In November I posted Breathing and Your Training about how to breathe when training. This month I want to expand on that idea even more because breathing can effect how we’re feeling, both emotionally and physically, which then means it’s affecting your training.
Most of us breath incorrectly. Some of us are either not fully using our diaphragm to breath and some of us not using it at all. This is for various reasons: too much stress, poor posture/slouching or even health ailments, like if you didn’t know you were lactose intolerant and were eating dairy the upset stomach might cause you to hunch over and create poor posture.
When you are not breathing with the full use of your diaphragm we are perpetually in ‘fight or flight’ mode (or our sympathetic nervous system) which is a stress response and we all know constant stress isn’t good for us. This causes our neck, shoulder and intercostal muscles to take over to make room for your expanding lungs. This is dysfunctional breathing and it can cause health issues like neck, shoulder pain and other joint and muscles issues, digestive issues and sleeping disorders, just to name a few.
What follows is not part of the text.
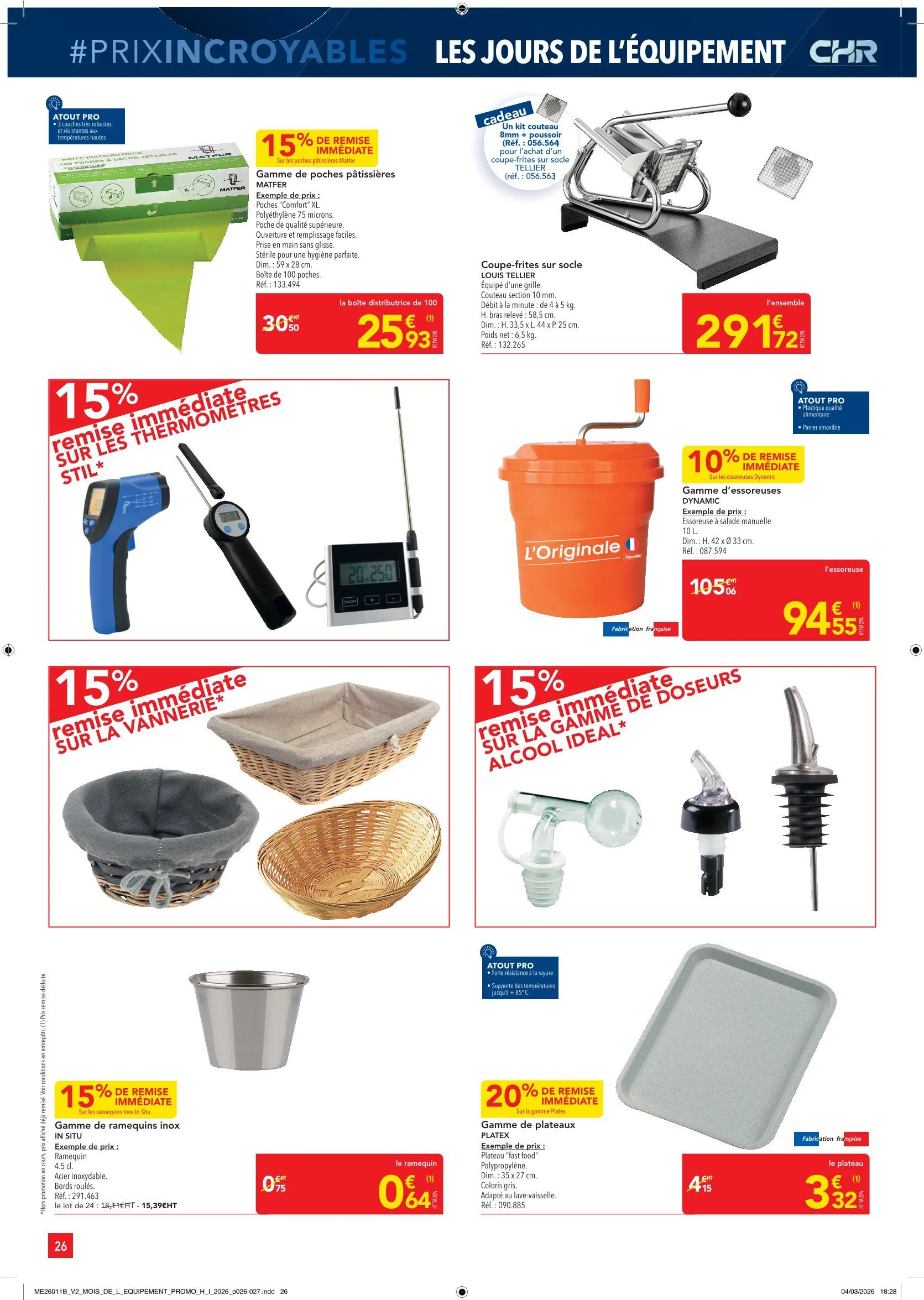 Catalogues Metro FR du 26 mars au 20 mai 2026 - Catalogue page 26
I really like this quick video in this article checking in on your breathing and the potential reasons we end up becoming dysfunctional breathers.
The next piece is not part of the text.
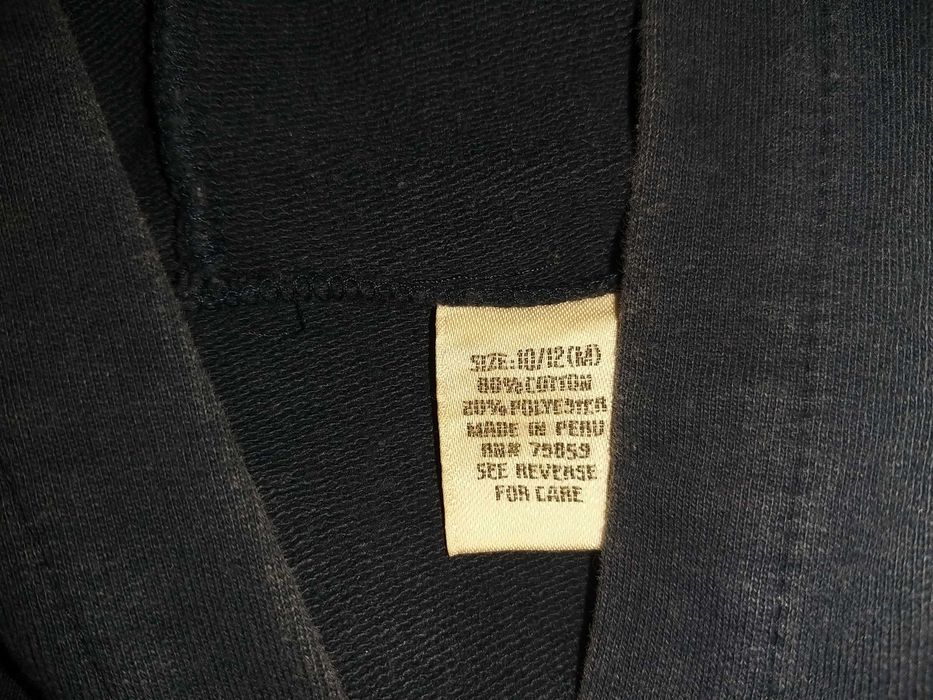 Bluza z nadrukiem na plecach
Now that you have an idea of some of the negative health issues that can arise from dysfunctional breathing and some of the reasons why this dysfunctional breathing can occur, now what do you do?
Well, we want to work on resetting you back to a natural way of breathing, to diaphragmatic breathing, as talked about in the video. Using our diaphragm while breathing taps into our relaxation response (or our parasympathetic nervous system) which helps you counter act stress. Yay! Breathing with your diaphragm may also help fix some muscular or joint issue, as well as some other health conditions.
Resetting Your Breathe
There are a few breathing exercises that can do this. They all come down to intentionally breathing, but I like these few instructional videos to provide you some options that you can use right before your training sessions or anytime of day that you can take a quick break and focus for a couple of minutes.
I mention resetting your breathe right before your workout or training session because as I said above, dysfunctional breathing can cause some physical ailments and some of them can lead to dysfunctional movement patterns within your training, whether you’re squatting or reaching your arms up overhead to climb up the silks.
This first video is great for a quick breathing exercise to do right before you train, be it at the gym or before you grab your aerial apparatus. This breathing method is from the Postural Restoration Institute and this article dives a little deeper into the creator Ron Hruska and how fixing your breathing can fix your training. It’s a great read, I highly recommend it.
You will see from the video that they are using a balloon. Feel free to go find a balloon, but if that makes you feel self conscious you could use a straw, but if that still feels uncomfortable then pretend you’re either blowing up a balloon or blowing through a straw. The balloon is obviously the preferred way, but I understand if you don’t want to carry a ballon to the gym with you.
This video has really great instruction for diaphragmatic breathing and is a great place to begin your training. The video begins with the easier version and then offers a more challenging option for when you master the first version. Use this pre-training or anytime in your day.
This next video offers a more in-depth look at finding your breath to expand 360 degrees within your abdomen, rib cage and back. I briefly touched base on this style of breathing in November in my first breathing post under the heading of More and More Challenging. Because when we are contracting our core while training this type of breathing can be helpful to use to be able to keep the abdominals contracted.
The last breathing technique that you could also incorporate into your breath work for relaxation and improving the function of your diaphragm is the 4-7-8 Breathing. This toutes that it is excellent to do before bed as a way to relax and fall asleep really quickly.
Bringing it together
The videos above offer many options to help you train your diaphragm to work properly while breathing. They also offer different options to use at various times in your day or week. When we can reconnect to our natural way of breathing we will mostly likely see tension dissipate, from manifesting as physical ailment or muscle tightness, we may see some metrics like blood pressure or cortisol lower, we may grow a few inches just by resetting our posture. The benefits are numerous.
Our lives can have stressful times and learning a breathing technique to help relax us is important, but it’s also a great way to help us be our healthiest selves as possible.